A few times a year we (Peddler Bike Shop) get a call from someone at the University of Memphis who has lost their lock key and needs us to cut their lock or someone who is handicapped and needs us to change their flat tire. This past Saturday was the first time that I (though I'm sure there have been others) took a call from someone out on a ride with a flat tire and they wanted me to bring them a tube and change their flat.
A. We don't do that.
B. We don't do that, especially not on Saturday.
C. We don't do that, especially not on Saturday, even more so when we're short-staffed and there's a sale going on.
That's not to say that the Superman in me wouldn't love to get on my bike, race through Memphis streets to save an unprepared cyclist, because I would. But I have bigger responsibilities at the shop. Though I really love that you as the stranded cyclist are loyal to my shop even when my competitor is closer.
Fast forward to Tuesday when a customer and I are conversing about the aesthetics, anti-theft advantages and cargo capacities of Dutch bikes, bakfiets and "xtra-cycles" and she mentions that her husband and friend were on the greenline this past weekend and experienced a flat on a trail-a-bike. She relayed her idea for a mobile flat-fixing service. When I asked how much she would pay for such a service she said "$20. Most people when riding have a $20 bill on them." (paraphrased)

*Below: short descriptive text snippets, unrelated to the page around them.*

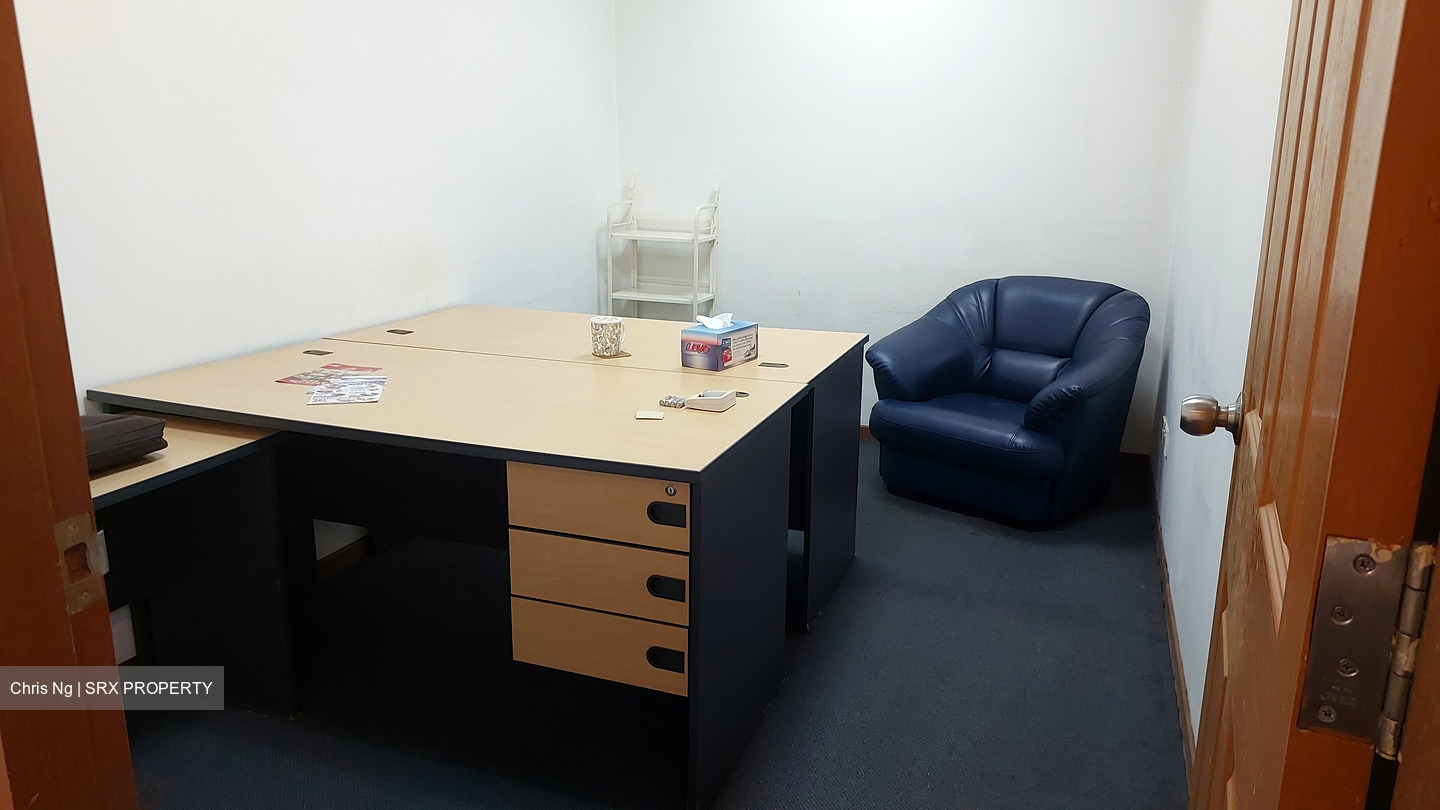 Entrepreneur Business Centre (D14), Factory #628429851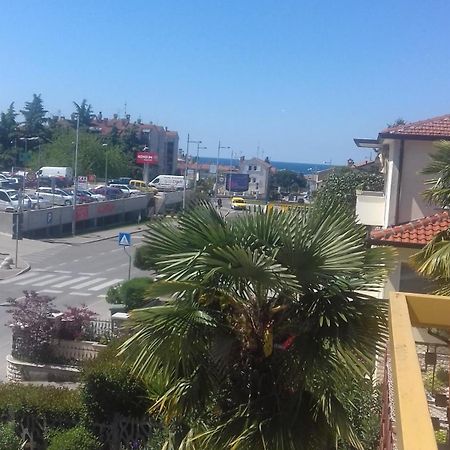 Apartment Lili Poreč Eksteriør bilde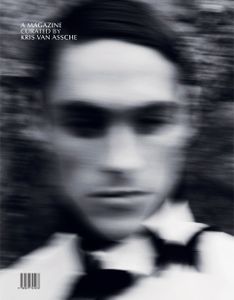 A Magazine Issue 7 - KRIS VAN ASSCHE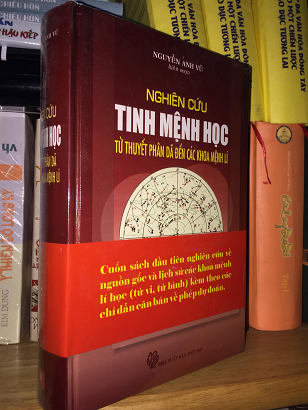 Nghiên Cứu Tinh Mệnh Học 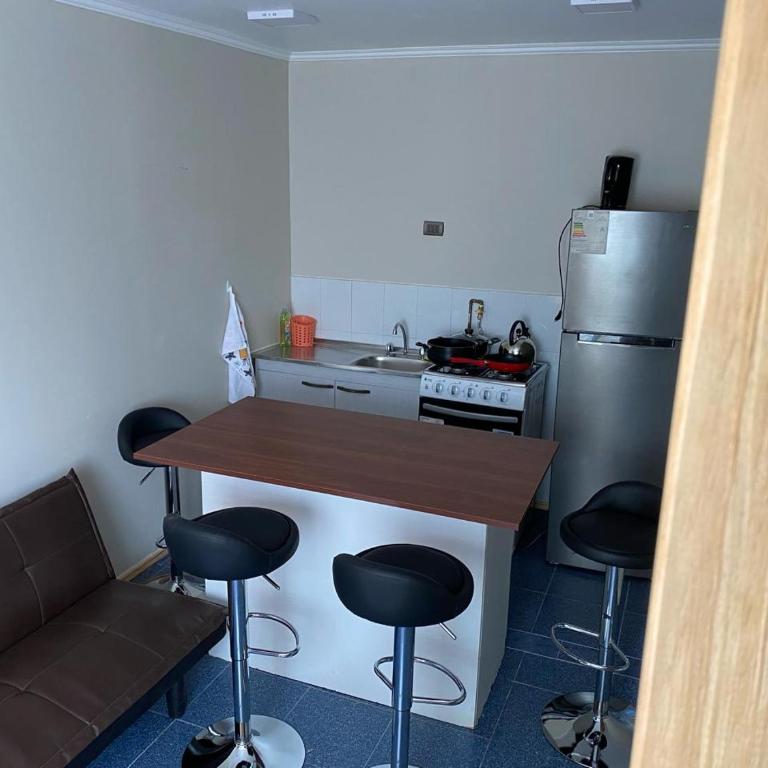 CAP Valdivia - Two-Bedroom Apartment - 10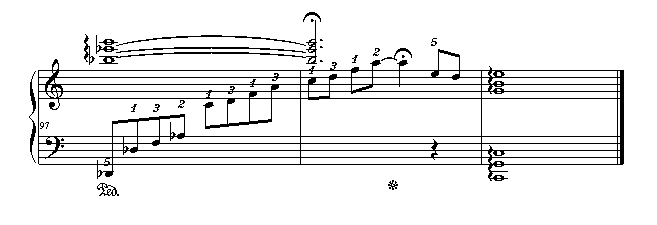 最浪漫的事-钢琴谱(钢琴曲)-赵咏华7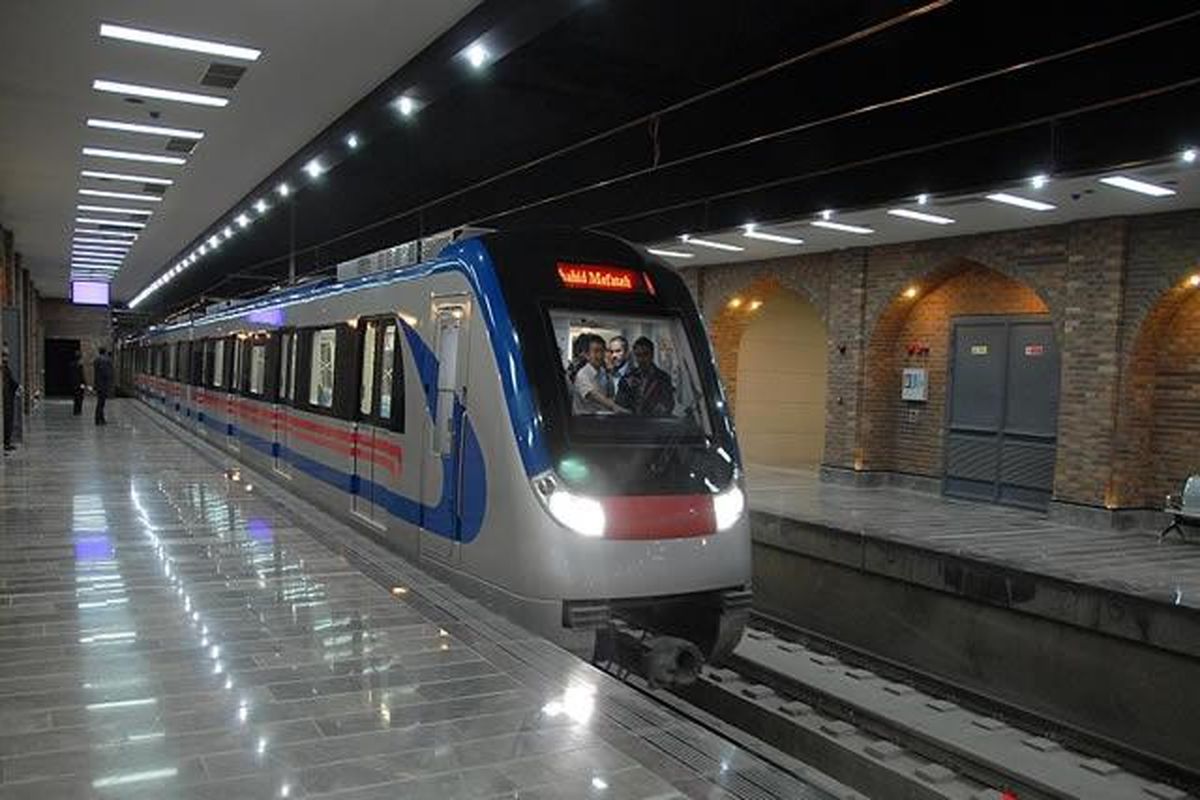 متروی اصفهان به استقبال مهر می‌رود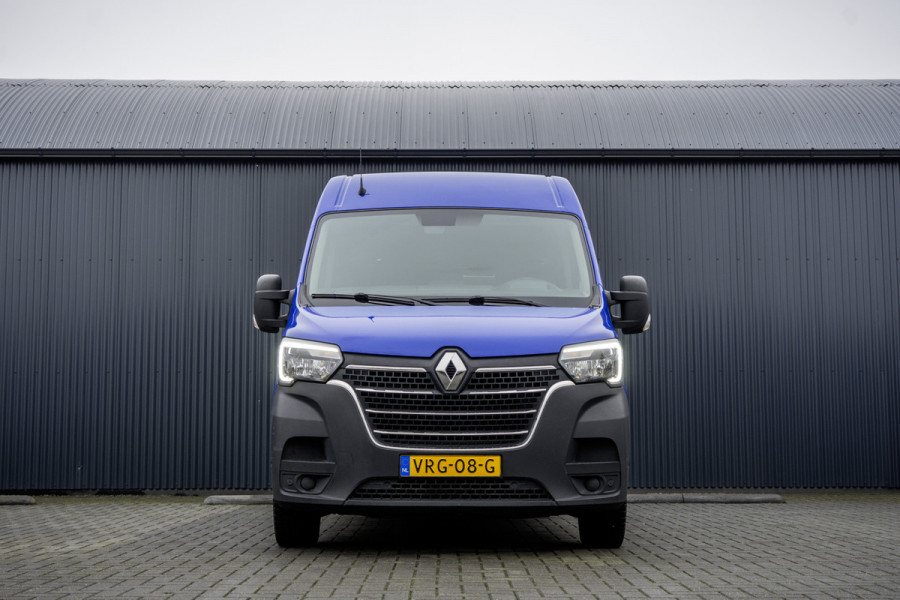 Renault Master 2.3 dCi L3H2 | Euro 6 | 136 PK | Cruise | Airco | Navigatie | LED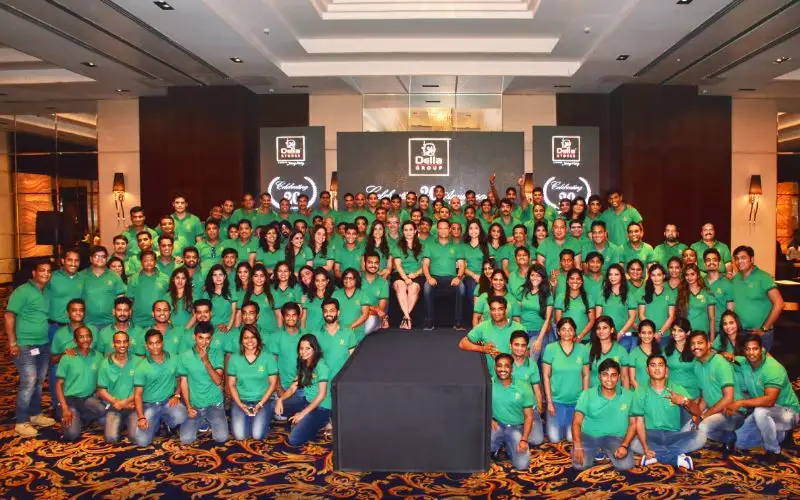 Team Della group 2016 about Della Townships thumbnail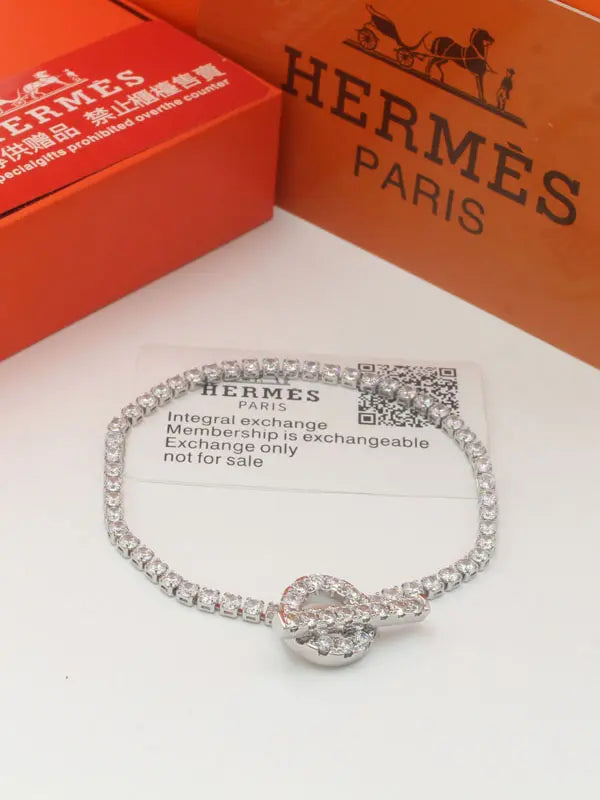 اساور هيرمز ماستر فل زركون اسواره HERMES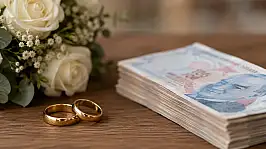 Genç çiftlere evlilik desteği büyüyor! Aile ve Gençlik Fonu'nda toplam kredi 18,9 milyar lirayı aştı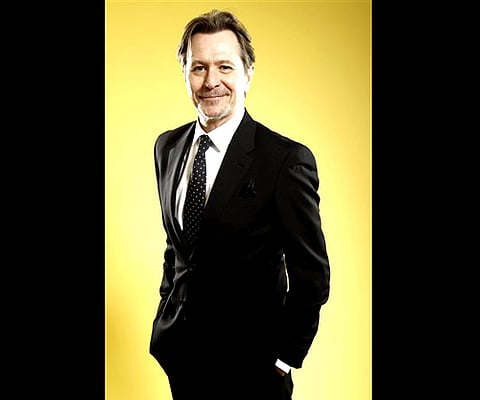 Actor Gary Oldman (AP Photo/Matt Sayles).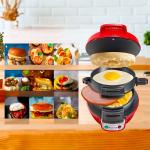 آلة صنع ساندويشات المفن والبرغر - 15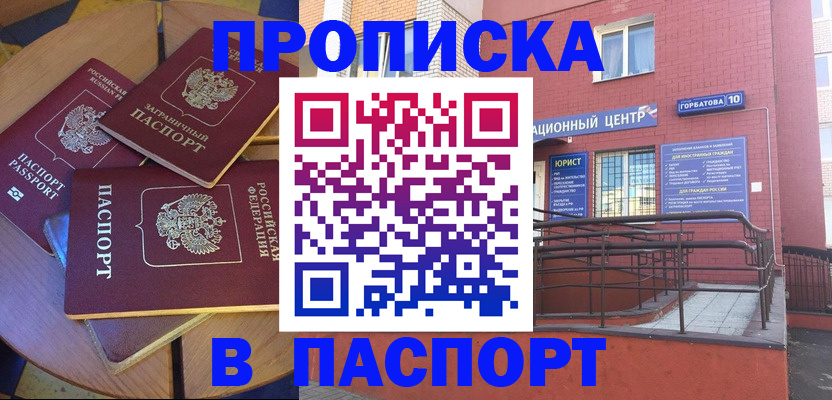 прописка штамп в Братске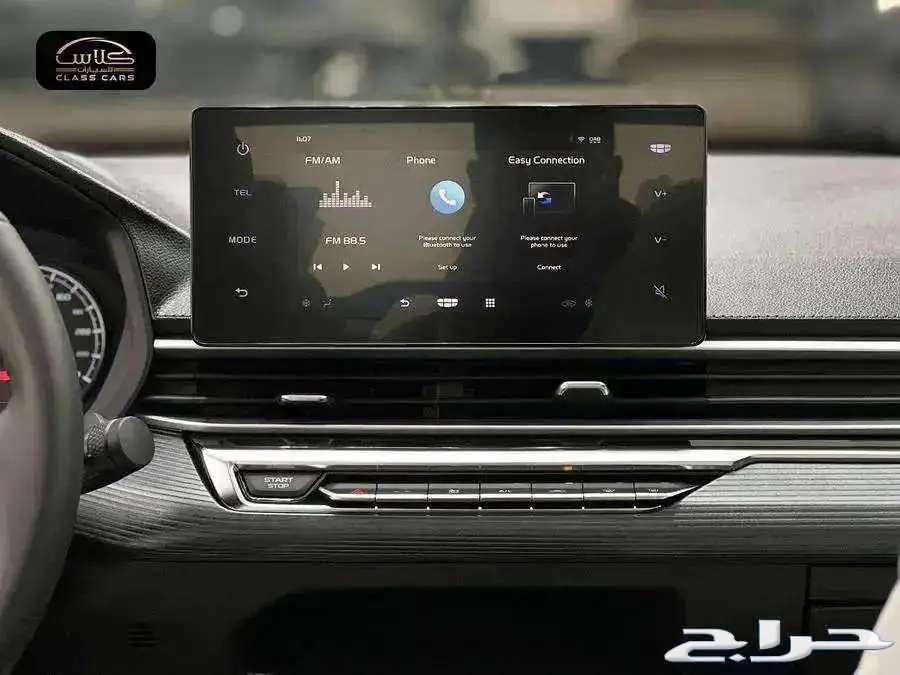 Jili Emgrand 2024 - 43700 SAR CVT Special Offer63402824851715114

That implies, of course, tube and labor. At a shop you will pay about $6 for a tube, $6.60 with tax. Leaving you $13.40 for your labor. For a young high school or college kid with a love of cycling and free weekends you might be able to make some dough. Start-up costs would include several tubes in various sizes, a floor pump, sizes 13, 14, 15, and 17 wrenches preferred but an adjustable wrench would suffice, a few tire boots, and a backpack to carry everything. Then as you got established several different tires and a trailer to carry everything. So minimum would be about $100, after 8 jobs you could start making profit.
To be honest I'm not sure if the demand is fully there, but perhaps it's just because the service isn't available.
Then this customer and I started talking food carts: hot dogs, ice cream, gyros. That's a whole other post right there.